OpenStack

OpenStack


Rate limiting for the NGINX proxy service

SECURITY

Implemented the possibility to limit the number of HTTP requests that a user can make in a given period of time for an OpenStack environment. The rate-limiting with NGINX can be used to protect an OpenStack environment against DDoS attacks as well as to protect the community application servers from being overwhelmed by too many user requests at the same time.


TCP-only support for Memcached

SECURITY

Disabled the Memcached listener on the UDP port by default. To reduce the attack surface and improve the product security, Memcached on the controller nodes listens on TCP only. For the existing OpenStack environments deployed on top of the earlier MCP versions, implemented the possibility to manually disable the Memcached listener on the UDP port.

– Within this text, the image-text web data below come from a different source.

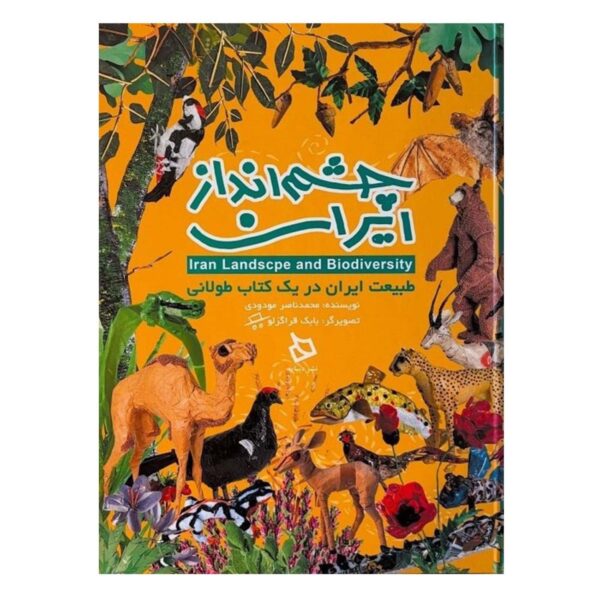 Perspectives on Iran (The Land and Biodiversity) Book by Mohammad Naser Modoodi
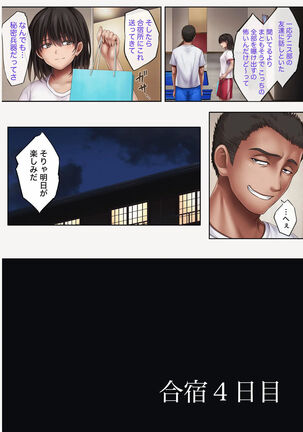 Midareuchi 1-4 Page #256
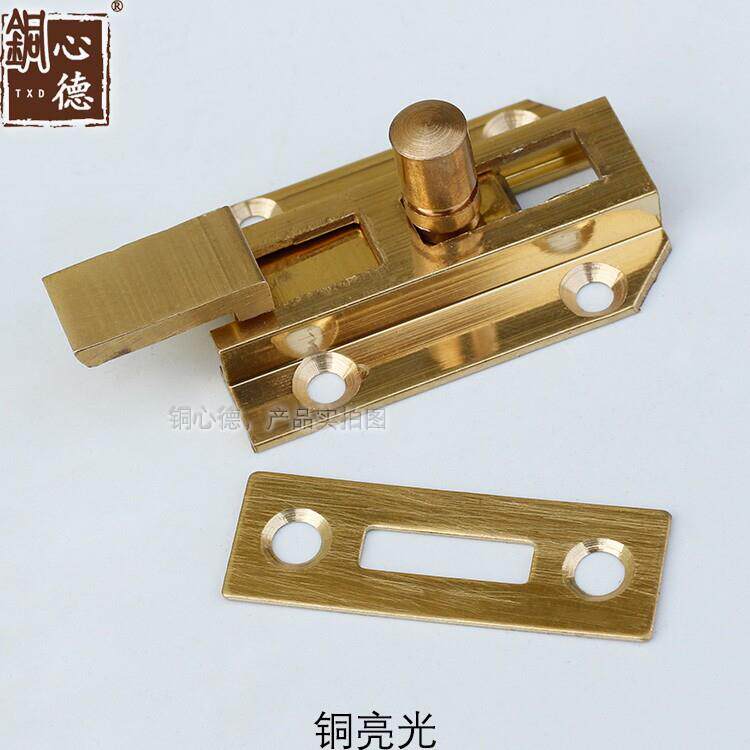 中式木门覆古黄铜门闩柜门窗户插销锁门扣门栓古建老式彷古门销锁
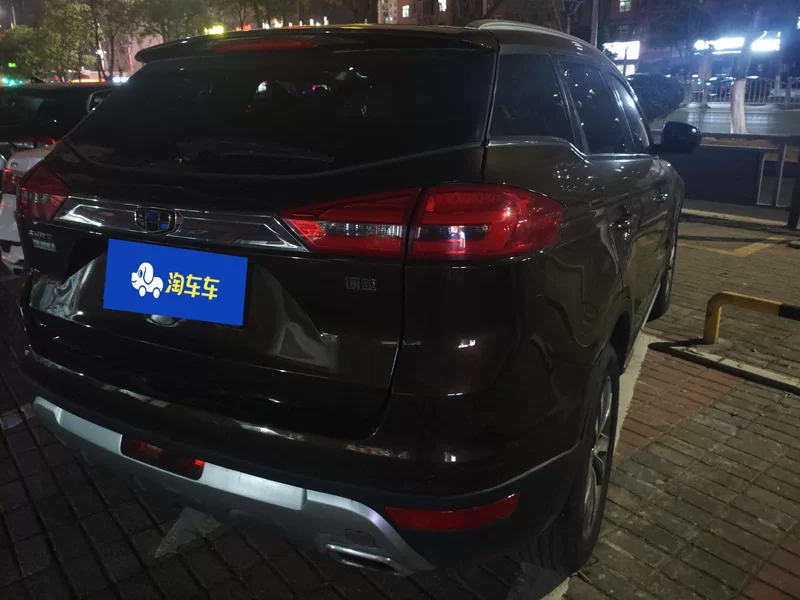 GEELY Boyue 2017 #3 GEELY Boyue 2017 car image #3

Encryption of the Keystone tokens stored within Memcached

SECURITY

Implemented the protection of the Keystone tokens stored within Memcached.

MCP OpenStack supports the Memcached protection since the Pike release. By default, this functionality is disabled in the Pike deployments. For Queens, the Memcached protection is enabled by default with the ENCRYPT security strategy.


Octavia enhancements

Hardened the OpenStack Octavia LBaaS components and introduced the following enhancements:

  • Added the OpenStack Queens support.

  • Added the Transport Layer Security (TLS) support with Barbican.

  • Changed location of the certificates used for connection to amphora. Now, they are created on the Salt Master node and then loaded on the gtw nodes.

  • TECHNICAL PREVIEW Implemented clusterization for the Octavia Manager services.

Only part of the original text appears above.